| Supplied material |
§ §

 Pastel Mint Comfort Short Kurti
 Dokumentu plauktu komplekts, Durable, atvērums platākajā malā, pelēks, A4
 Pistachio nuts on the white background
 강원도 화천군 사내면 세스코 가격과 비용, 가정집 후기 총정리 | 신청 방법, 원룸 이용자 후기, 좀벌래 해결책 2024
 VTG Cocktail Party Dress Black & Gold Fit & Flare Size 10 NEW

§ §

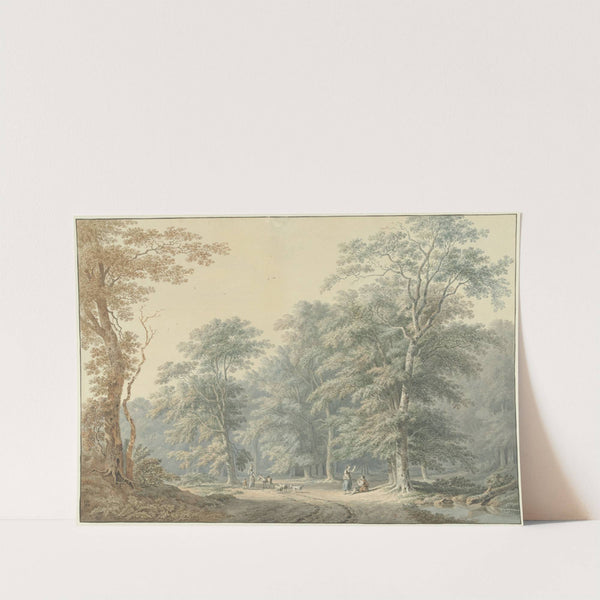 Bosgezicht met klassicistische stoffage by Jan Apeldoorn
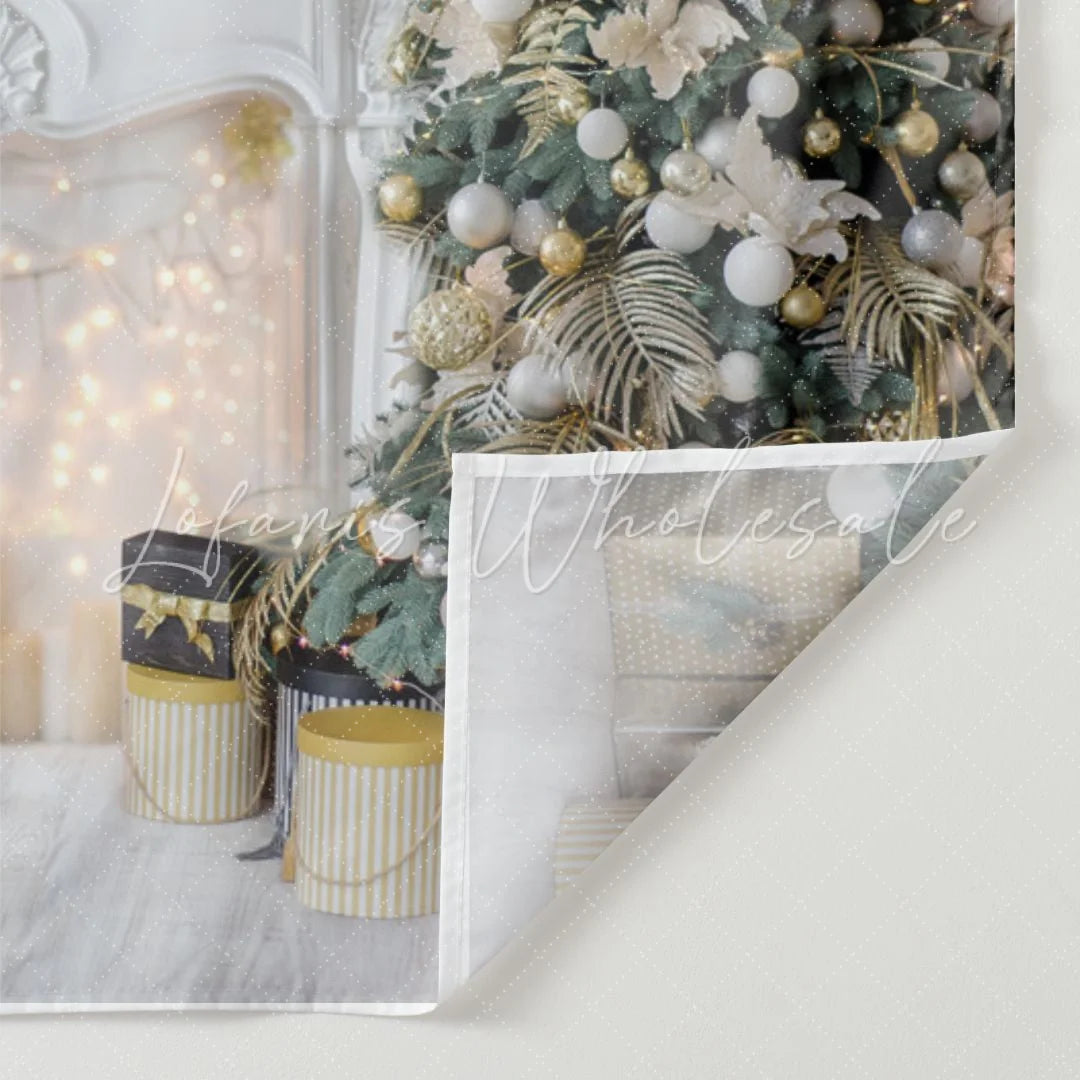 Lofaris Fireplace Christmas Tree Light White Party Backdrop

§ §

| Exercise goal |
Your task is to retype the entries verbatim, starting with the line that holds "Pastel Mint Comfort Short Kurti" and stopping after the line that holds "VTG Cocktail Party".

| Task output |
 Pastel Mint Comfort Short Kurti
 Dokumentu plauktu komplekts, Durable, atvērums platākajā malā, pelēks, A4
 Pistachio nuts on the white background
 강원도 화천군 사내면 세스코 가격과 비용, 가정집 후기 총정리 | 신청 방법, 원룸 이용자 후기, 좀벌래 해결책 2024
 VTG Cocktail Party Dress Black & Gold Fit & Flare Size 10 NEW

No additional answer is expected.